The exhausting life of trying to be someone else
by Paul Kearley

Image: supplied
I can’t even begin to count how many times throughout my life I was told to be more like someone else.
As a rambunctious child, it was: “Why can’t you be more like your brother?”
In school: “Why can’t you do math like the rest of the class?”
Then came my years in the Canadian Air Force, where comparison was woven into everyday life: Shinier boots. Sharper uniforms. Higher test scores. Better marksman. Better this. Better that.
Someone was always the example.
Later, in business, it continued in different ways. I would read books by successful authors and unconsciously start trying to sound like them. I’d watch great speakers and try to imitate their style. Bosses compared me to other people. Colleagues suggested I should act more like this leader or that executive.
And for years, I thought growth meant becoming a better imitation of someone else.
Then one evening, something happened that changed my thinking forever.
I had just finished giving a one-hour presentation to an audience of more than fifty people. The session had gone well. People were engaged. They laughed. They connected. They stayed afterward to talk.
But after everyone left the room, my boss looked at me and said:
“Why can’t you be more businesslike when you present? Nobody wants to see you smiling and laughing all the time. I want you to be more like me… professional.”
I still remember standing there quietly thinking: “But that was me.”
And oddly enough, that moment became one of the most important lessons of my life.
It was the moment I realized I had to stop asking who other people wanted me to be and finally decide who I wanted to be.
Not recklessly. Not arrogantly. Not without growth or improvement.
But authentically.
Because we cannot live with integrity if we are constantly performing a version of ourselves designed to satisfy everyone else.
Sooner or later, the mask becomes exhausting.
The truth is, people do not connect deeply with perfection. They connect with authenticity.
They want to see you.
Your warmth. Your humanity. Your humor. Your imperfections. Your heart.
Over the years, I discovered that the very qualities some people criticized in me were the exact qualities that allowed me to connect with audiences, clients, and teams.
My smile relaxed people. My stories made ideas memorable. My laughter made the environment human instead of sterile.
And once I stopped trying to present like someone else, my confidence grew stronger than it had ever been before.
That realization eventually shaped the way I coach people today.
I do not coach clients to become carbon copies of motivational speakers, executives, influencers, or corporate personalities.
I help them uncover who they already are at their best.
Because leadership is not about imitation. Communication is not about acting. Confidence is not about pretending.
It is about alignment.
When your words, personality, values, and actions all line up, people trust you.
That is integrity.
And integrity becomes impossible when every conversation feels like a performance.
Far too many people spend their lives sanding off the very parts of themselves that make them memorable.

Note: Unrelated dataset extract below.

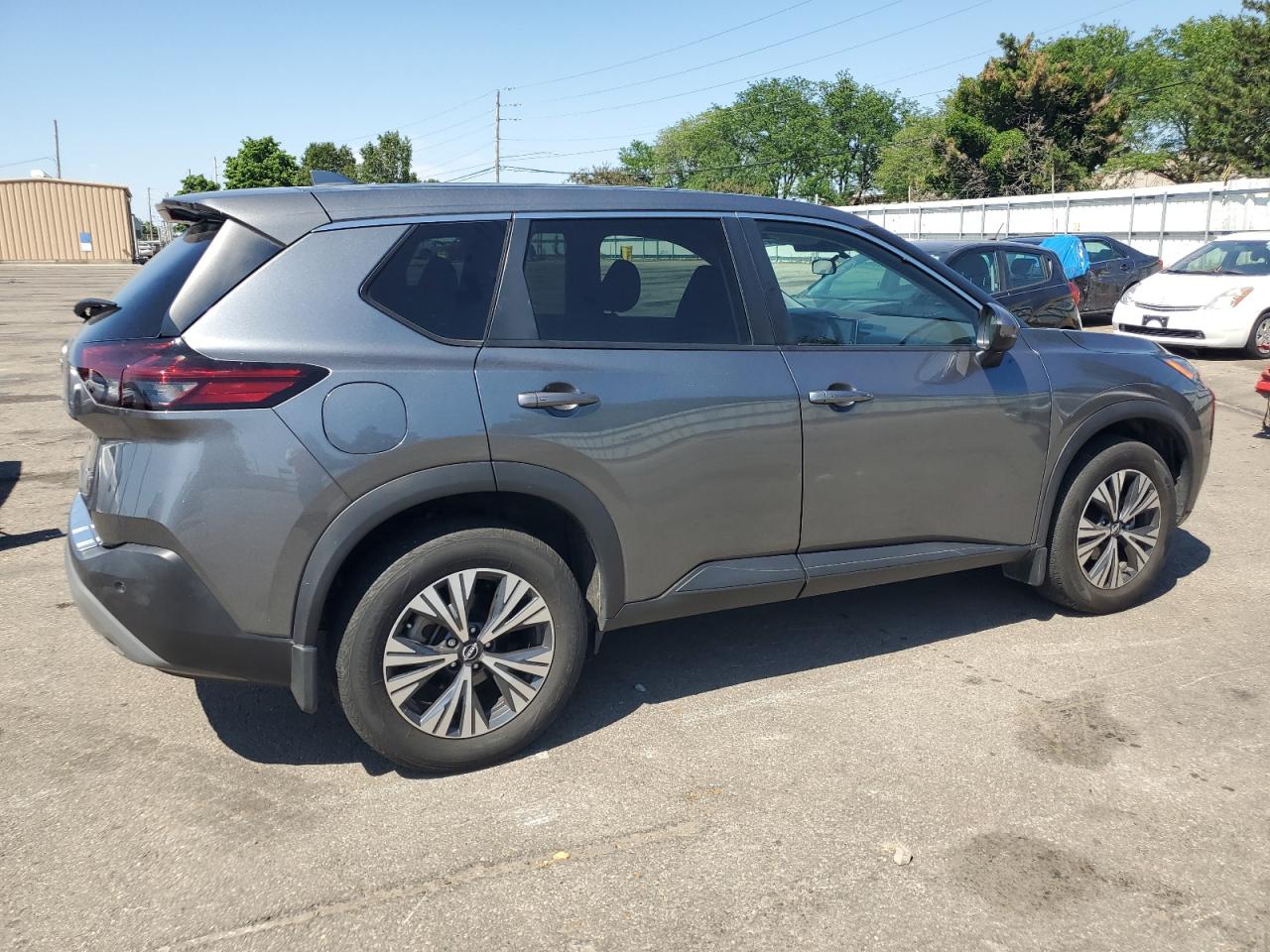 2022 NISSAN ROGUE SV VIN:5N1BT3BB8NC710801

The energetic person tries to become reserved. The compassionate person tries to become tougher. The funny person tries to become “serious.” The emotional person tries to appear detached.
Why?
Because somewhere along the way they were taught that professionalism meant hiding humanity.
But after forty years of working with people, I believe the opposite is true.
The most powerful communicators are not the most polished people in the room.
They are the most genuine.
Now, that doesn’t mean we stop improving ourselves. Growth matters. Preparation matters. Discipline matters.
But improvement should refine who you are — not erase it.
The world already has enough copies.
What it desperately needs are authentic originals.
So if you’ve spent years trying to become what everyone else expected you to be, maybe it’s time to ask a different question:
Who are you when you stop performing?
Because that person… That real person… Is probably the one the world needed all along.